Whether you are searching for the most suitable product or are just curious to explore the latest trends, the Internet is the place to go. With its vast and ever-growing repository of information, the Internet has evolved into an invaluable resource for exploring and discovering practically anything. It allows you to easily compare products and prices, find ratings from other users, and access a wide range of educational content.
On Day 3 of Data Privacy Week, let’s learn about cookies.1,2,3
Cookies are small text files that are stored on your computer or mobile device when you visit a website.
However, this data may be sold to third-party companies, who may use it to target you with advertisements or sell your personal information to a few others who may use it for malicious purposes.
Therefore, it is essential that you understand what they are and how to manage them for a better and safer browsing experience.
Different Types of Cookies
The three main categories of cookies are session cookies, persistent cookies, and third-party cookies.

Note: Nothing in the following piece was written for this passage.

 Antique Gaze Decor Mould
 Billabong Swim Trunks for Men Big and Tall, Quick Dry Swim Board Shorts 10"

Session Cookies: When you visit a website, the server stores a small amount of data on your computer in the form of a session cookie. This cookie is only stored temporarily and is deleted when you close the browser or log out of the website. For instance, when you log into a banking website, the server will store a session cookie on your computer that contains your username and other authentication information necessary to keep your session active. Once you log out of the session, the cookie gets deleted automatically.
Persistent Cookies: Persistent cookies are created when you visit a website and are stored in your computer for a longer time (or until you delete them). They are often used to remember login information, preferences and other data so that websites can provide a more personalized experience. They also help websites track user activity and behaviors, allowing them to improve their services. For instance, persistent cookies can allow a website to remember choices you made in the past, such as the language you prefer to view a website in, or the items you may have placed in an online shopping cart.

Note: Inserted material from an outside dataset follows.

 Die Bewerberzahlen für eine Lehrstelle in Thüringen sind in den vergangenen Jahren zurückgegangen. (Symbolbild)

Third-party Cookies: Websites other than the one you are visiting can create and save third-party cookies on your computer. These cookies track your activity across multiple websites, such as which pages you have visited, where you have clicked, and so on. This information is then used to deliver targeted ads to you. For example, if you visit a clothing website, you may notice advertisements for clothing on other websites you visit.
Accepting and Declining Cookies
By accepting cookies, you are essentially giving a website access to all the data associated with that cookie. This data can include your browsing habits, location, IP address, and other personal information that you may not have intended to share. This could be used to target you with ads, track your movements, or even worse, steal your identity or other sensitive information. For example, malicious actors can use the data collected by tracking cookies to target you with phishing emails from what seem to be legitimate sources, such as your bank or other financial institution.

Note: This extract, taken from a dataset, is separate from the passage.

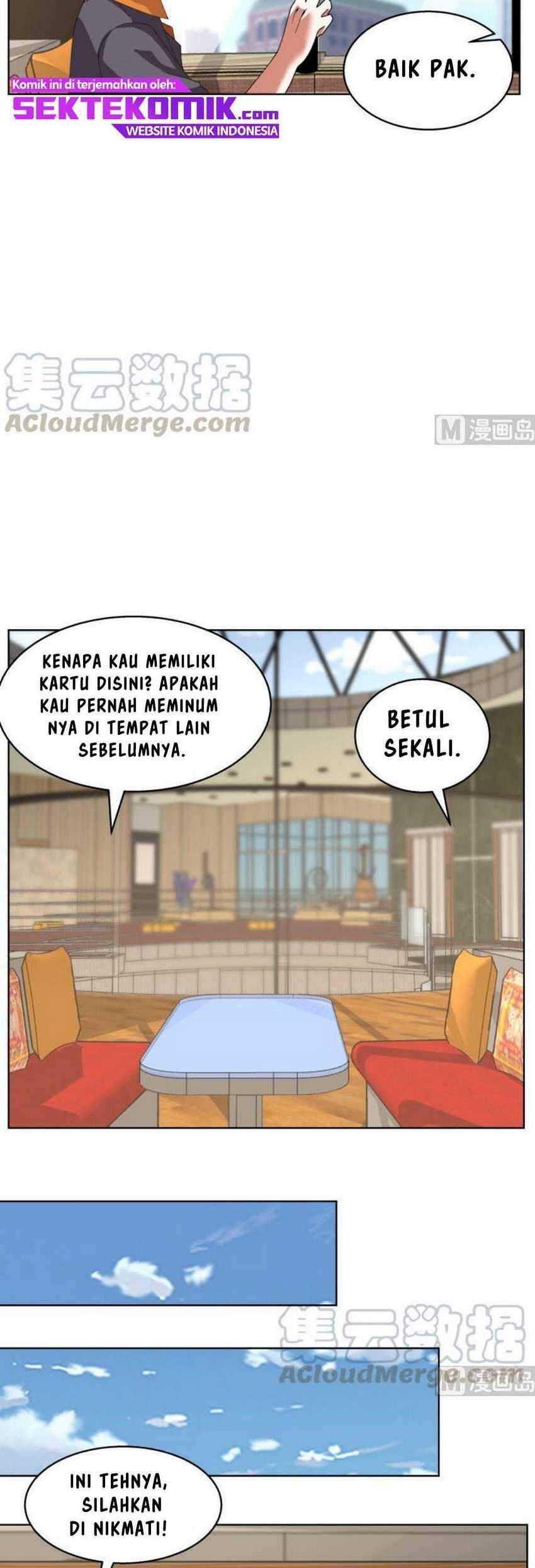 I Have a Dragon on My Body Chapter 395 - halaman 5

Tips to Manage Cookies for Safe Browsing Experience
Here are some tips that can help you have a safe browsing experience.5,6,7
- Regularly check the settings of your browser to ensure that it is up to date and secure. If possible, disable all cookies by default to be on the safe side. You can accept cookies of trusted websites if you want to.
- Delete cookies from your browser on a regular basis to ensure that your personal information is not being collected and stored without your knowledge.
- Do not accept cookies on unencrypted websites. If the website is not encrypted, data sent from the website is sent in plain text, making it vulnerable to theft. Accepting cookies on unencrypted sites could put your data at risk.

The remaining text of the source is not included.